4.6.2. Energy Storage

The value of the fault current for the inverter-based DG is significantly much less during the islanded operation of DNs with DGs. As a result, protection relays fail to activate the overcurrent protection devices installed in the system. Therefore installing energy storage devices such as flywheels, batteries or capacitors in the DN, can increase the fault current level allowing the protection devices to be operated in a conventional way [36,110]. A coordinated protection strategy using superconducting FCL and superconducting magnetic energy storage (SMES) was devised for DNs with DGs in [111]. This protection strategy can mitigate the impact of solar PV generation for a grid-connected DN. The coordinated use of both FCL and SMES produces the best comprehensive performance with the reduced capacity of SMES. Similarly, a protection scheme was proposed in [112] using FCL with SMES to mitigate the impact of grid-connected DNs consisting of wind turbine system. Some important DN protection schemes considering energy storage devices to modify the fault current level can be found in [113,114,115]. The high cost of energy storage devices is the major hindrance in the deployment of DN’s protection scheme involving these energy storage devices.

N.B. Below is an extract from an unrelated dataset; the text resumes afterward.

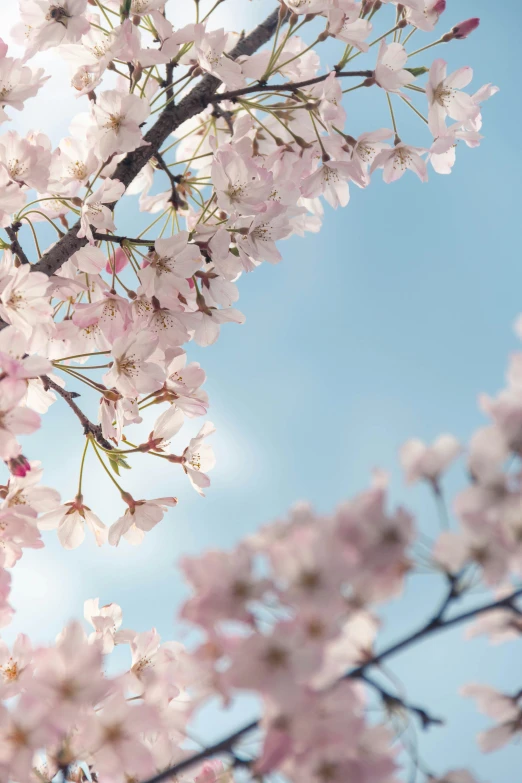 pink blossoms on a nch with a blue sky background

4.7. Other Protection Strategies

Other than the strategies explained above, there are also other strategies which focus on interconnection between DNs and DGs, which are worthy of being highlighted here:
  • Inrush current detection is used to avoid unwanted disconnection caused by a 2nd harmonic which is produced when the transformer is energized [34,116].
  • DGs’ rotor overheating can be avoided by applying negative sequence protection [117].
  • Reverse power protection is used to sense the internal fault from DG and mitigate it either by immediately disconnecting from the DN with a time delay, or riding through the fault [118].
  • Auto-reclosure is able to minimize the disconnection impact by auto-reconnecting the DG with the DN depending on a number of faults, especially when due to temporary faults such as surges. However, extra protection needs to be considered to avoid from permanent faults from damaging the equipment [119].
  • Among the lightning impacts on DNs connected with DG are the increase of voltage and change of power flow which affect the protection coordination and selectivity, as well as voltage fluctuations. In [120,121], authors proposed lighting protection strategies to determine the optimum size, location and quantification of the surge arresters to protect the DN.

5. Discussion

This section analyzes and discusses important factors that need to be considered for connecting DG to a DN and issues from a protection perspective. The summary of benefits, drawbacks and comparison of the conventional and modified protection is presented in Table 1 and Table 4, respectively.

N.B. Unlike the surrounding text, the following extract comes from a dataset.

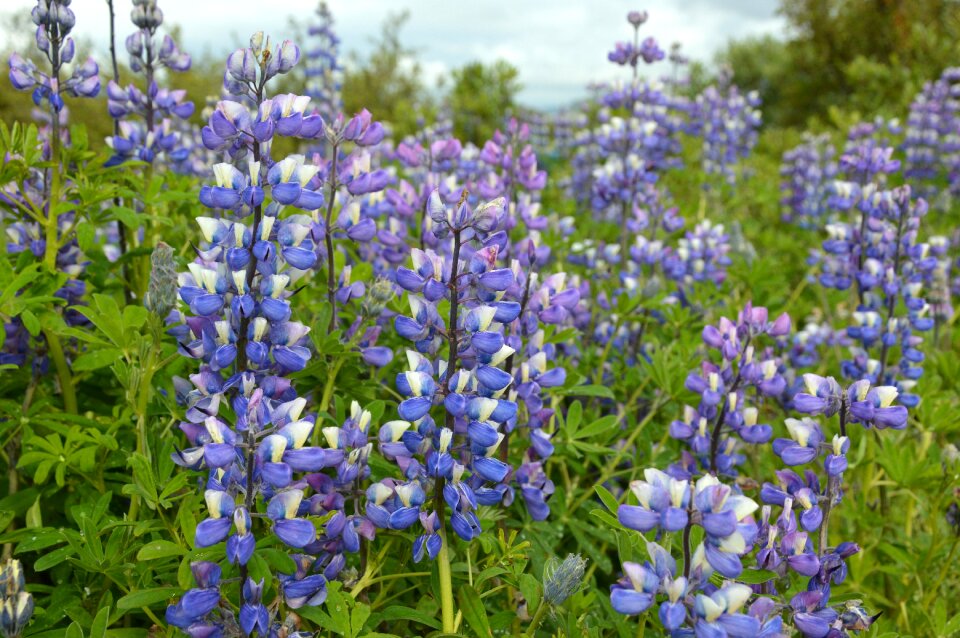 Flowers lupins iceland lupine photo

5.1. Conventional Distribution Protection System

In the conventional DN protection, there are four strategies that have been discussed. The advantages and disadvantages in terms of technical and cost of each strategy are summarized in Table 1. The most appropriate strategy will depend on the willingness of a power utility in invest in new technology such as islanding detection and FRT. For minimum protection investment, the best strategy is to limit the DG penetration, which must be done during the planning stage. This will keep the operation of the DN with single power flow and meet the existing protection device characteristics. This approach is beneficial for DNOs, but there is a challenge for the DG owner in that the DG output capacity is underutilized. This affects the DG operational efficiency and capital investment.
From the operational point of view, it will be worth to keep with the conventional protection systems when considering low load growth, cheap tariffs, aging DN components and expensive protection device replacement costs. Alternatively, existing protection strategies been practiced which are either to disconnect the DG during faults or ride through the fault can be highly considered in conventional protection system to ensure protection requirements are fulfilled. However, this approach is only practical for a short term due to the growing demand of DG penetration in the future. It is a challenging mission to change the current practice in DNO operation which already safe and secure to a new protection scheme to cater DG penetration impact. Moreover, DNOs need to invest to have this new protection scheme. A lot more studies are needed to convince DNOs to apply this and disturb their current business operations. These disadvantages have attracted more development of potential solutions either to retain or to enhance conventional protection systems as highlighted in the Section 3 and Section 4.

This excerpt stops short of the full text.